_How to complete this task_
Check every line of the data below for the word "Jesus". Copy the ones that have it.

(Stored items)
..............................
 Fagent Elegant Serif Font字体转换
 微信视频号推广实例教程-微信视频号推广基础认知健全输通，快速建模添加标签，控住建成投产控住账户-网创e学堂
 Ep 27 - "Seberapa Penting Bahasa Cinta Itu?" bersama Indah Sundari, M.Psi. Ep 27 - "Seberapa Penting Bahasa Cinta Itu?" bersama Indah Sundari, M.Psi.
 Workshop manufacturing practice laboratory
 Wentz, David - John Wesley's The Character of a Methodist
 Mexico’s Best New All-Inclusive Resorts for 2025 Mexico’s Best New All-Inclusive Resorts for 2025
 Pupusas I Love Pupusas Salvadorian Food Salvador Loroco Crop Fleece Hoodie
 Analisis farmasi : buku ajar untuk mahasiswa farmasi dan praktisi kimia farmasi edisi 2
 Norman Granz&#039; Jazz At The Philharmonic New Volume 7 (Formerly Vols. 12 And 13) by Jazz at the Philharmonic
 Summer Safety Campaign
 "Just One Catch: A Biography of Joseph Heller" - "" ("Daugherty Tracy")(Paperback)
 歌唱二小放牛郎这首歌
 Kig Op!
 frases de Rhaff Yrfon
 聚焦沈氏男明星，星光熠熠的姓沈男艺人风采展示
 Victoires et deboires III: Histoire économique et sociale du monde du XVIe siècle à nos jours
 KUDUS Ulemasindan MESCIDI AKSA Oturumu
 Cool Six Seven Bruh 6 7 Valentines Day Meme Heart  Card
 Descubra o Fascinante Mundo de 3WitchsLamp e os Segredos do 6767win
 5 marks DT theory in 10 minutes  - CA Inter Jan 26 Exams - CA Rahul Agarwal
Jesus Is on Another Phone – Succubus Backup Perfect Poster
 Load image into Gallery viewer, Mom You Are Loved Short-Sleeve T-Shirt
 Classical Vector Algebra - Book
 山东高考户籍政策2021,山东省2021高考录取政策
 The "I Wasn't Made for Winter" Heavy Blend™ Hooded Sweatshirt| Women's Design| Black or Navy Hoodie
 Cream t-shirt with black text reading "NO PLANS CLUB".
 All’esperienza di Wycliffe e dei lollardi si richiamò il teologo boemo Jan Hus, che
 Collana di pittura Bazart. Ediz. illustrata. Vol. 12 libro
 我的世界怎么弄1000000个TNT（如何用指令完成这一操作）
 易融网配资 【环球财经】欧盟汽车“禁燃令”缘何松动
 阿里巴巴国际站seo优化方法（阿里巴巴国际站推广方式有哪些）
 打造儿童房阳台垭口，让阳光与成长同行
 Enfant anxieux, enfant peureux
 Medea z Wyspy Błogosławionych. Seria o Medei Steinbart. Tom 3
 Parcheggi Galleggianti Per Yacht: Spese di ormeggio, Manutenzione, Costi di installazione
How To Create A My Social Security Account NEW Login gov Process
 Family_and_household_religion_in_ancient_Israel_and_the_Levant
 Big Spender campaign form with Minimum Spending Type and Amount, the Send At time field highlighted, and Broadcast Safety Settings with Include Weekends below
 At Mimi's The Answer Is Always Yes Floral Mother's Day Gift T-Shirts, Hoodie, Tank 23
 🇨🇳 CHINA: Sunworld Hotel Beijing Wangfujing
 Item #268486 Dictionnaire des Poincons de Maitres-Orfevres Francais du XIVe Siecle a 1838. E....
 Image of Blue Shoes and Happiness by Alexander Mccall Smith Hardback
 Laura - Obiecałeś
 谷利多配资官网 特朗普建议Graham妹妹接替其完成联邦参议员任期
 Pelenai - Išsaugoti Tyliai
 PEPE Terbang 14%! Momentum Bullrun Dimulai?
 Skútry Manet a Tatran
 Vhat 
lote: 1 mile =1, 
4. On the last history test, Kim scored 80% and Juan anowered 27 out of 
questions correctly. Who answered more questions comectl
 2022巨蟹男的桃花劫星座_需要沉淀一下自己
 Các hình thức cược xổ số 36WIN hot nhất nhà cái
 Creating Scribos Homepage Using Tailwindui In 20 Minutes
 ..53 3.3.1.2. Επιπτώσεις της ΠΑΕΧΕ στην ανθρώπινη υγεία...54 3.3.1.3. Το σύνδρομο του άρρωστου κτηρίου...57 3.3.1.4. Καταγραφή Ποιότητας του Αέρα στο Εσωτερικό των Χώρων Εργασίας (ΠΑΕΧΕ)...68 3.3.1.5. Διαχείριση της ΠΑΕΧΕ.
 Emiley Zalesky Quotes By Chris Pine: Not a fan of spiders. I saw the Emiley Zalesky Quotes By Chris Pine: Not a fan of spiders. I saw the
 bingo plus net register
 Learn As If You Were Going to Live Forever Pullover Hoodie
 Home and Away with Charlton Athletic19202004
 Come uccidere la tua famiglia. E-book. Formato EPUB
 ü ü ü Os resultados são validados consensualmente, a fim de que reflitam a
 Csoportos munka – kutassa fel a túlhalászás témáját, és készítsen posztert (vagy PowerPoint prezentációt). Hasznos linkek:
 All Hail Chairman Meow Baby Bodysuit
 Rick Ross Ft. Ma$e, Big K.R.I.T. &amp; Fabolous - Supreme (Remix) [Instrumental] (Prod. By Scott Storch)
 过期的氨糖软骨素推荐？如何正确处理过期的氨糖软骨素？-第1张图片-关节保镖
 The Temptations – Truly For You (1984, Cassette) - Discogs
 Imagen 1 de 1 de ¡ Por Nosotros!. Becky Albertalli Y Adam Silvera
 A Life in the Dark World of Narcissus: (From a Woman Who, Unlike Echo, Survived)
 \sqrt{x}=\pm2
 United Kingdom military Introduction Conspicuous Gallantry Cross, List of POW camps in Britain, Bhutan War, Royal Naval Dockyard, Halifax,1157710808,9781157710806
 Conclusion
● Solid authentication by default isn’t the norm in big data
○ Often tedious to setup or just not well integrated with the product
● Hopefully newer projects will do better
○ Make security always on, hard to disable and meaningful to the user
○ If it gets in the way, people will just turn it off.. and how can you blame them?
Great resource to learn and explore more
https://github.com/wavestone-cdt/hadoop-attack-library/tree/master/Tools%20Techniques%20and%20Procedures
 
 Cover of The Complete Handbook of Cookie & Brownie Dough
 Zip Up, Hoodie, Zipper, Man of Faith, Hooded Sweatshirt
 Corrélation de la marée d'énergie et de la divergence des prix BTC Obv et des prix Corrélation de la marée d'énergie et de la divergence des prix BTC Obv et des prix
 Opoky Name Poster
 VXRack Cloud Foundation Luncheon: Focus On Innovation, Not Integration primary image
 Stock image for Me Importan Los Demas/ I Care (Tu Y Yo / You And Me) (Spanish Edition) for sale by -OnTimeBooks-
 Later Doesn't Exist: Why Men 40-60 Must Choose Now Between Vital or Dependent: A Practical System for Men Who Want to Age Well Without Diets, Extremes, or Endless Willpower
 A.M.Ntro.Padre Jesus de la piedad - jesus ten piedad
..............................
_Task solution_
Jesus Is on Another Phone – Succubus Backup Perfect Poster
 A.M.Ntro.Padre Jesus de la piedad - jesus ten piedad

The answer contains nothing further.